When most people think of ferocious, blade-like teeth on prehistoric creatures they picture Smilodon, better known as the saber-toothed tiger. But in the world of dinosaurs, theropods are well known for having blade-like teeth with serrated cutting edges used for biting and ripping their prey. And until recently, the complex arrangement of tissues that gave rise to these terrifying teeth was considered unique to these meat-eating dinosaurs.
In a paper published December 16 in Biology Letters, Dr Aaron LeBlanc, Marie Curie postdoctoral fellow at the Faculty of Dentistry, Oral and Craniofacial Sciences at King’s College London, together with researchers from Harvard University, the University of Toronto and the University of Manitoba, examined thin fossil slices of gorgonopsians’ teeth and discovered similar complex arrangement of tissues that made the steak-knife-like serrations in theropods.
Gorgonopsians are a group of synapsids from the middle-late Permian 270 to 252 million years ago. These animals, like other synapsids, are considered to be the forerunners of mammals and fall within the lineage that eventually gave rise to mammals.
“Palaeontologists can tell a lot about the diets of extinct animals by looking at the shapes of their teeth, and gorgonopsians had some impressive teeth to study” said Aaron LeBlanc.
“These animals were the apex predators of their day and are characterized by their sabre-like canines that could extend up to 13cm long,” said Megan Whitney from Harvard.
Previous studies of theropod dinosaurs uncovered a complex arrangement of tissues made of both enamel and dentine that formed the serrations on their teeth. This complex arrangement was considered unique to theropod dinosaurs. But no one had ever made a thin section of a gorgonopsian tooth before to examine the serrations.
Inspired, LeBlanc and co-authors combined their expertise in paleohistology (the study of the microstructure of fossilized skeletal tissues) and examined thin sections of fossils from three synapsids from three different time periods to test a theory of the structure of the serrations in this group. “We were surprised to find theropod-like serrations in gorgonopsians,” said Megan Whitney from Harvard. “We wanted to see how other carnivorous synapsids had made their serrations, so we looked at an older synapsid (Dimetrodon) and a younger, mammalian synapsid (Smilodon).”
Gorgonopsians, Dimetrodon, and Smilodon are all synapsids and like theropods were apex predators of their day and had serrated, knife-like teeth (ziphodonty). Dimetrodon is one of the earliest synapsids from the Cisuralian period around 295 to 272 million years ago; Dimetrodon is often mistakenly described as a dinosaur.

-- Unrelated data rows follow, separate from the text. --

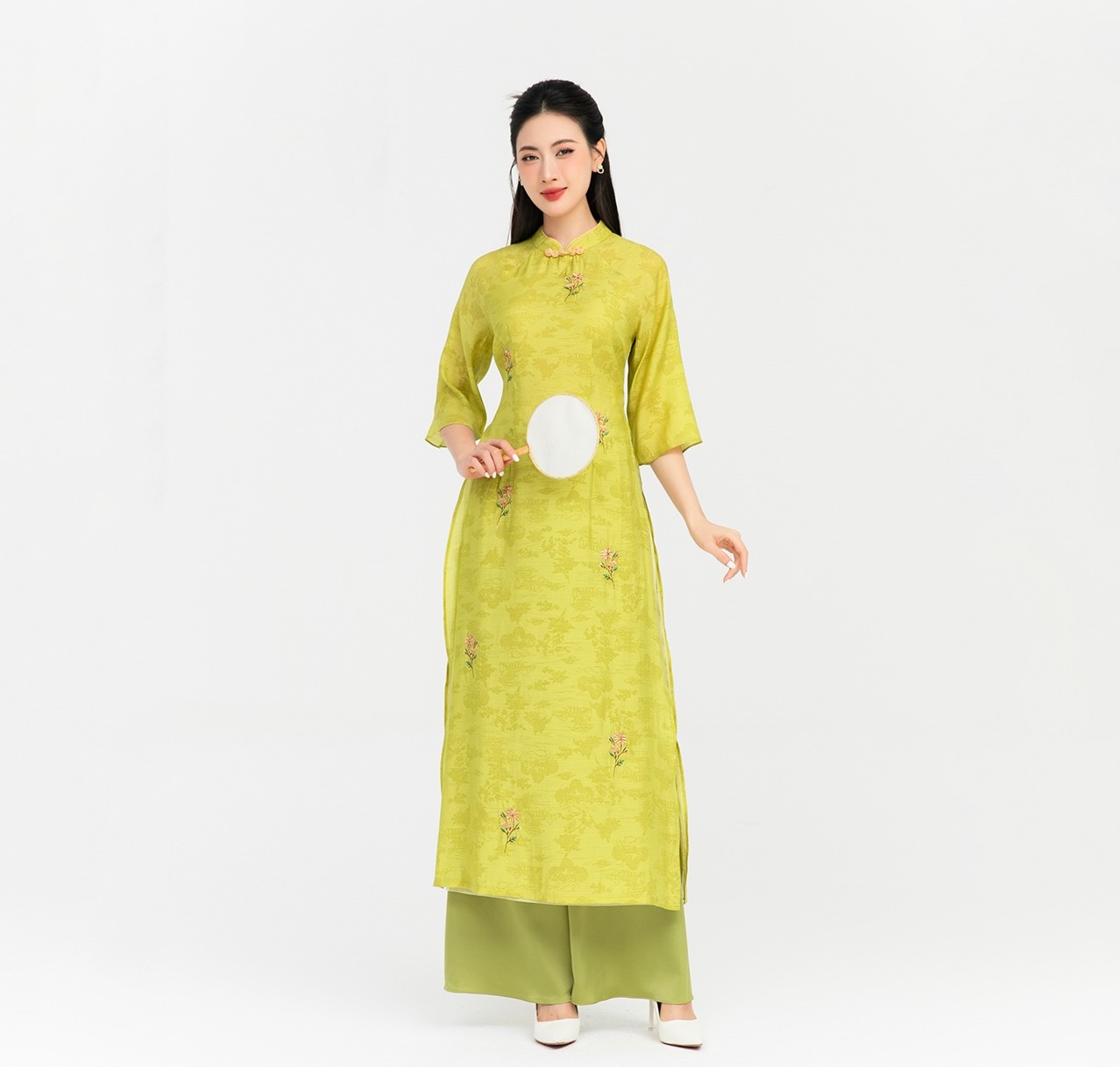 ציור תמונת סתיו חלומית עם אאו דאי חיננית - תמונה 3. Vẽ nên bức tranh mùa thu mộng mơ với tà áo dài duyên dáng- Ảnh 3.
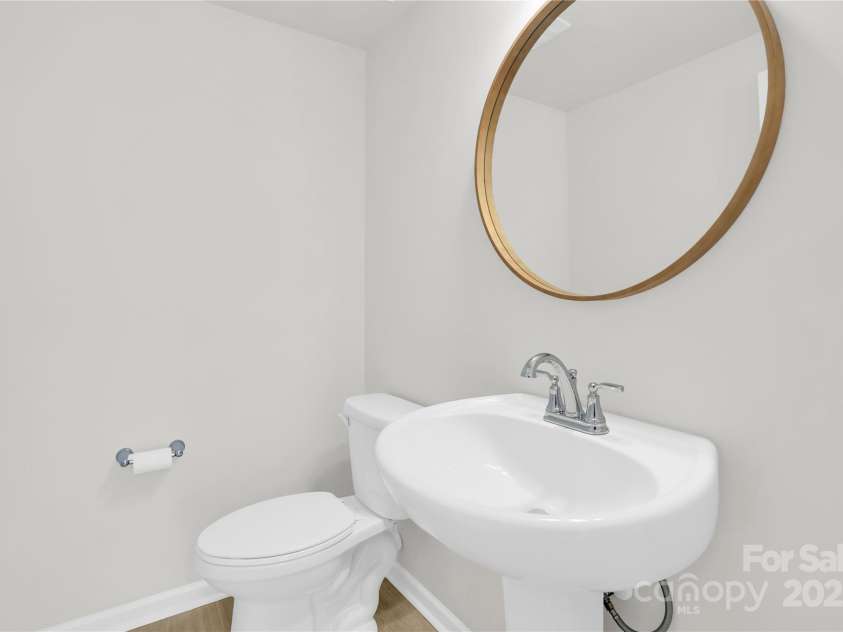 5946 Ardrey Kell Road, Charlotte, NC 28277.  MLS# CAR4258861, YatesRealty ID 13980. 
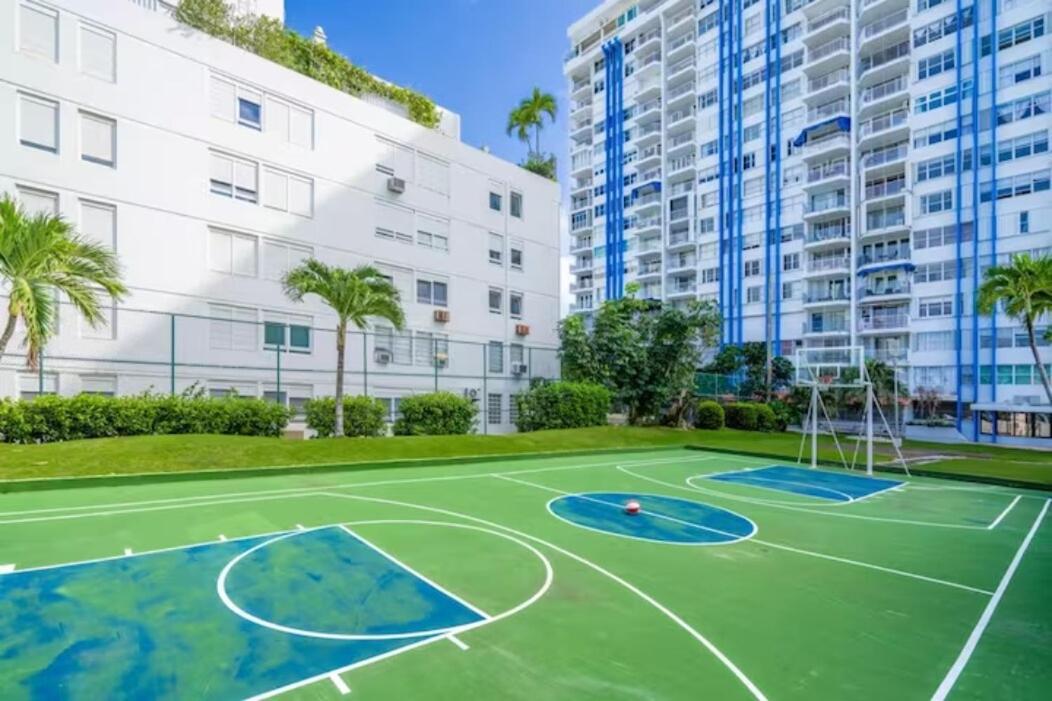 Family Beach Getaway- Isla Verde Paradise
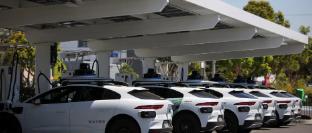 Autonomous Driving Pioneer Says Autonomous Driving Nears Commercial Inflection as Industry Weighs Pure Vision, Robotics Futures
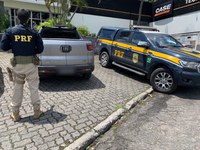 Após empreender fuga dois indivíduos são presos e uma caminhonete roubada é recuperada pela PRF, na cidade de Salvador (BA)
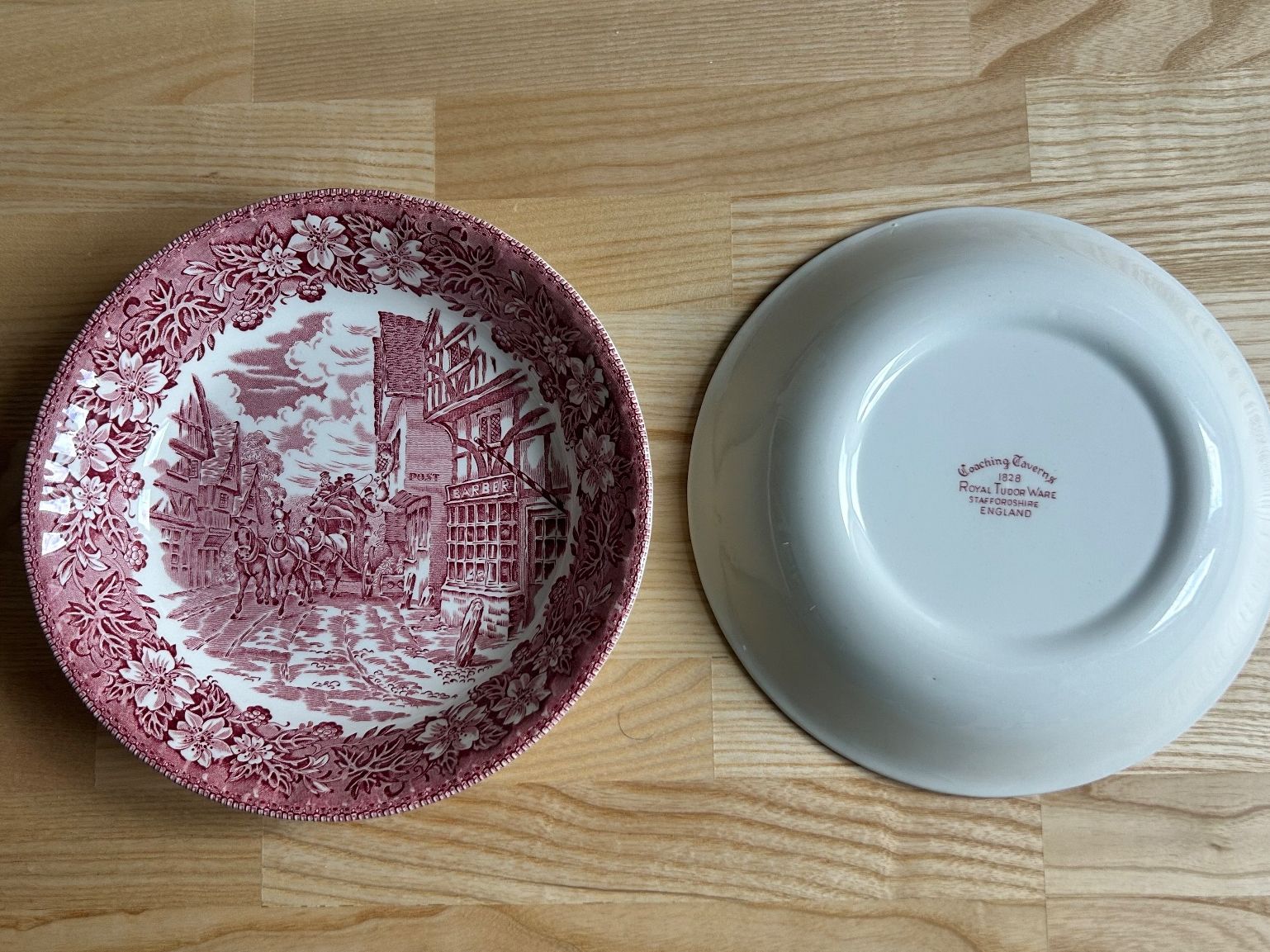 Piatti: 2 Suppenteller - Royal Tudor Ware Coaching Taverns – Usato da Brüttisellen venduto da ThommyK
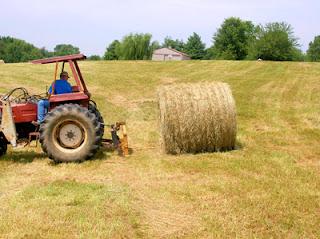 moving round bales 3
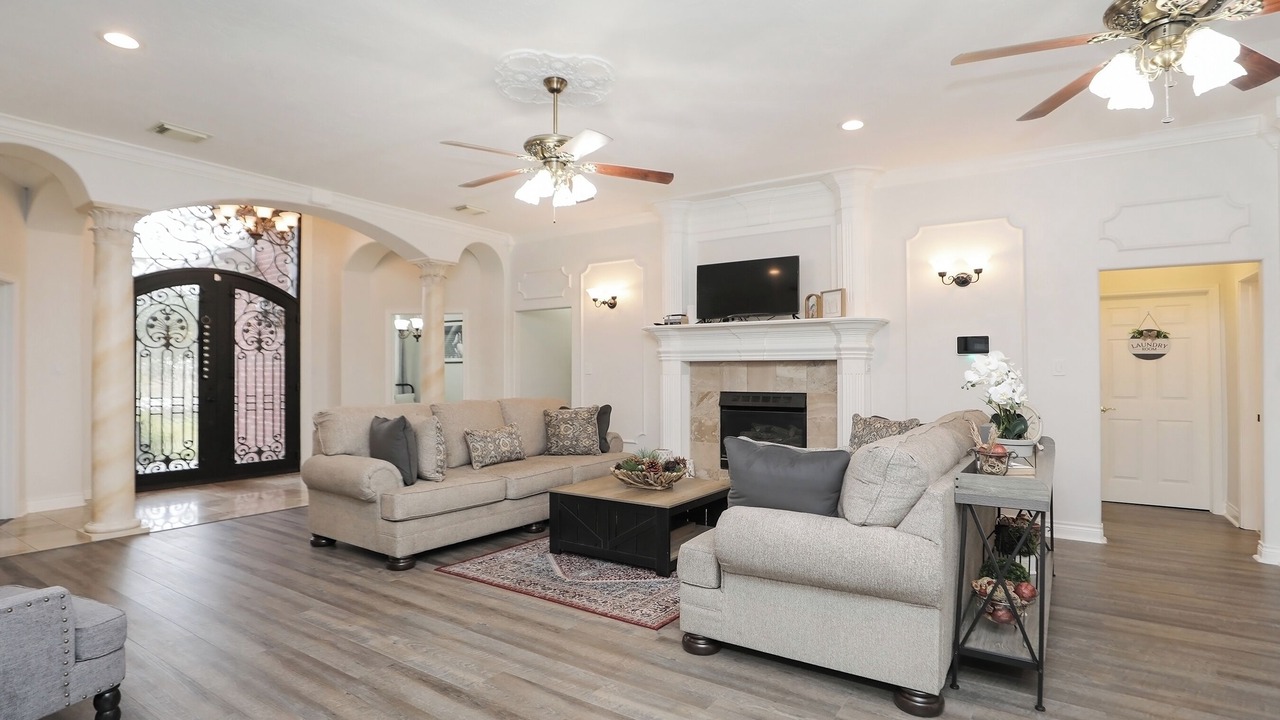 Photo of Bedroom in Humble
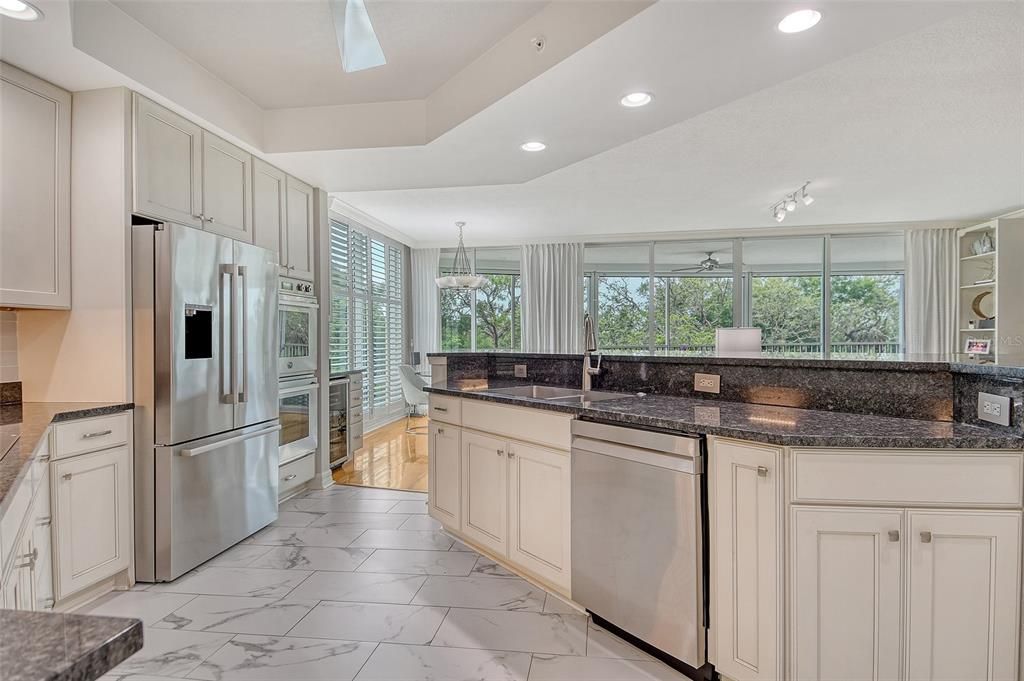 На продажу: $900,000 (3 спален, 3 ванн, 2778 Квадратных фут)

Smilodon lived in the Americas during the Pleistocene epoch 2.5 million years ago to 10,000 years ago.
“All of these animals fall along the mammal-line which is divergent from the reptile line with dinosaurs,” said LeBlanc. “In fact, these three animals are more closely related to humans than to dinosaurs.”
The thin sections revealed that the gorgonopsian serrations are composed of tightly packed denticles made of both enamel and dentine, the same complex arrangement of tissues that had previously been attributed to theropod dinosaurs and considered unique to them.
“What’s surprising is that the type of serrations in gorgonopsians are more like those of the meat-eating dinosaurs from the Mesozoic era,” said LeBlanc. “It means that this unique type of cutting tooth evolved first in the lineage leading to mammals, only to later evolve independently in dinosaurs.”
“The fact that we only see this type of serration evolve in meat-eating animals is significant,” said co-author Kirstin Brink from the University of Manitoba. “The tiny microstructures hidden inside the teeth offer a significant advantage to the tooth, strengthening the serrations and helping them last longer in the mouth, which in turn helps the animal eat efficiently.”
Though gorgonopsians share this trait with theropod dinosaurs, they actually share more characteristics with other synapsids like Dimetrodon and humans. “These animals converged on a similar tooth serration morphology because of the functional benefits, not because they’re close relatives to one another,” said Whitney. “In this case, it probably has something to do with the fact that animals were really putting a lot of wear and tear on their teeth. And so independently they've been able to form a serration that is going to withstand the repeated forces needed to eat because eating is important. So, there's a lot of selection acting on teeth.”
Gorgonopsians were a diverse group with body sizes that ranged from the size of a medium-sized dog to a bear and Whitney notes that although the specimens sampled had this type of morphology, it remains possible that there is a diversity of serration types that would match the diversity of gorgonopsians.